(Bloomberg) -- Indonesia’s bonds are underperforming their high-yielding Indian peers on concern over the incoming government’s relatively lax fiscal policies.

The extra yield on Indonesia’s 10-year note climbed to around 12 basis points above its Indian peer Wednesday, the largest premium since October 2022, according to data compiled by Bloomberg. The widening spread comes as both governments assess their costs of funding and seek to fulfill spending pledges made during elections in the first half of the year.

Indonesia’s bonds and currency have sold off since the middle of June following reports the incoming administration is seeking to eventually increase the debt-to-GDP ratio toward 50% to support its pre-election manifestos. President-elect Prabowo Subianto, who takes office in October, said this week he will adhere to fiscal prudence. 

“Investors are concerned over the fiscal policy under Indonesia’s president-elect, as many of his announced policies would increase the deficit and a further rise in government debt,” said Rajeev De Mello, a global macro portfolio manager at GAMA Asset Management SA in Geneva. “India has signaled policy continuity, while Indonesia’s policies are more uncertain,” he said. 

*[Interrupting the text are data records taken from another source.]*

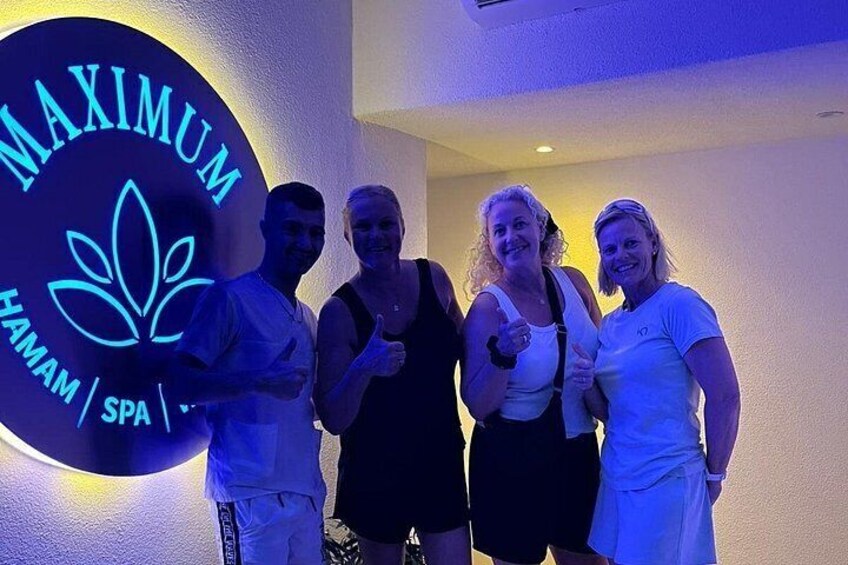 A group of people standing in front of a sign that reads 'MAXIMUM HAMAM SPA.' 2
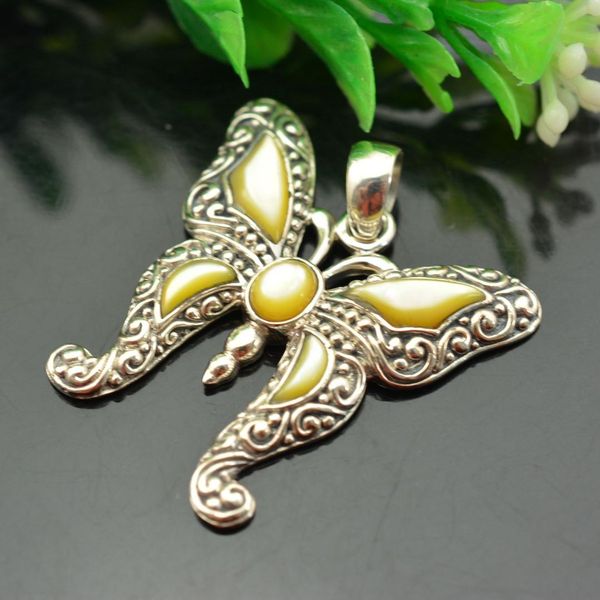 

925 sterling silver yellow shell of carve patterns or designs on woodwork butterfly pendant female, Black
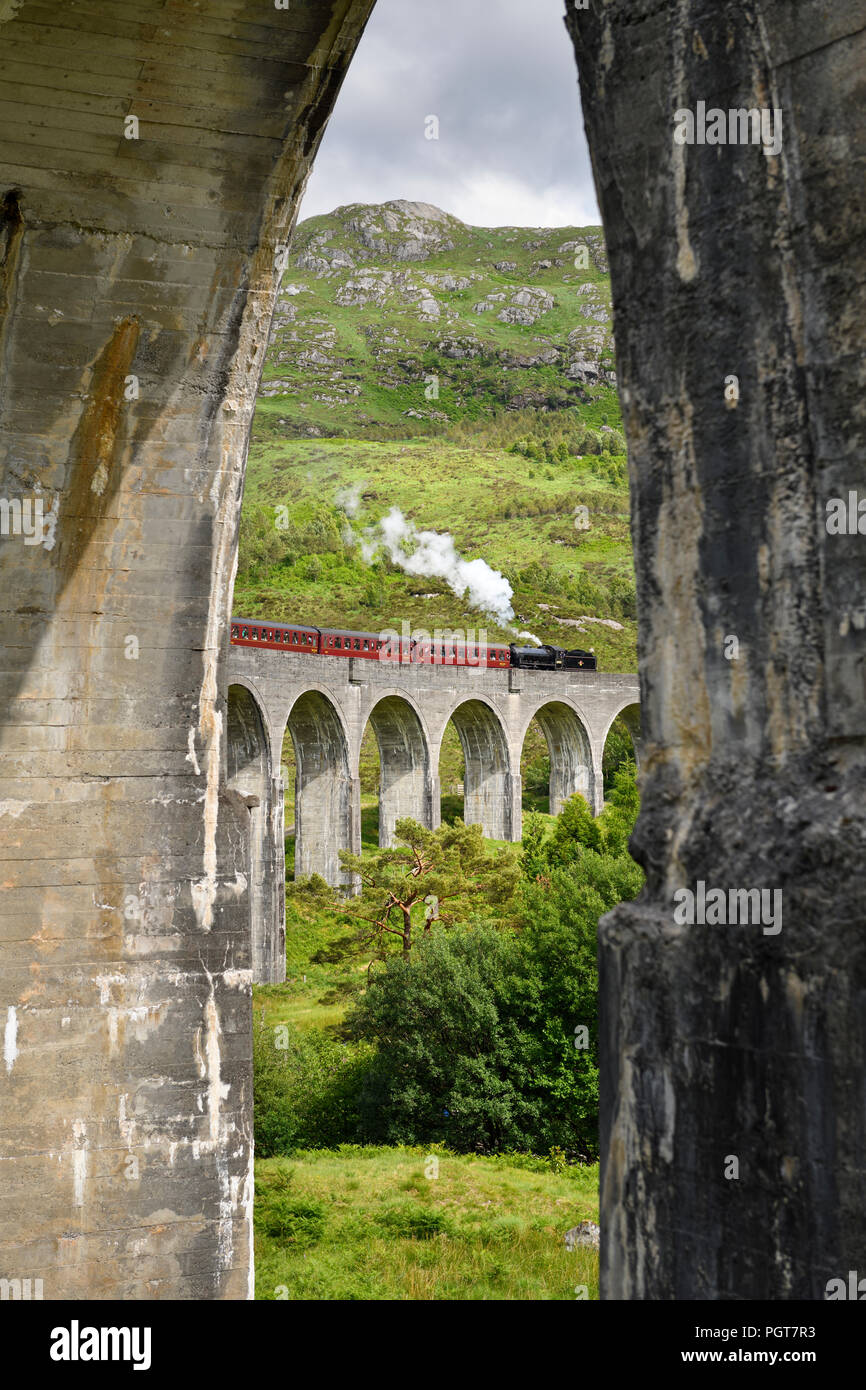 View of heritage Jacobite Steam Train through concrete columns of the Glenfinnan viaduct in the Scottish Highlands Scotland UK Stock Photo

Prabowo plans to fund his spending pledges by steadily increasing the debt ratio to its highest in two decades. This would likely require budget deficits amounting to 4%-to-6% of GDP, breaching the country’s legal limit of 3%, according to estimates by Barclays. Despite recent signals to the contrary from the administration, markets are jittery, as taking debt to 50% of GDP had been raised by Prabowo at one of his presidential debates ahead of the February vote. 

Funds Sell

With both economies somewhat reliant on foreign inflows into sovereign debt to fund budget or current-account deficits, there are stark differences between the movements. Global funds have withdrawn $262 million from Indonesian bonds in the second quarter, while boosting holdings of Indian debt by $762 million to put the notes on track for a sixth straight quarter of inflows.

So far, there have been no signs of fiscal laxity from the Indian government after the election.

Indian sovereign bonds remain attractive, partially due to the government’s commitment toward fiscal consolidation as well as inflation falling back to within the central bank’s target range, Goldman Sachs Group Inc. economists including Danny Suwanapruti wrote in a note last week. 

“We see the yield advantage for Indonesia to stay,” said Aditya Sharma, a strategist at Natwest Markets in Gurugram, India. “We don’t see Bank Indonesia easing anytime soon and Indian bond yields might dip further if the new government under Prime Minister Narendra Modi sticks to a fiscal consolidation path in the upcoming budget.”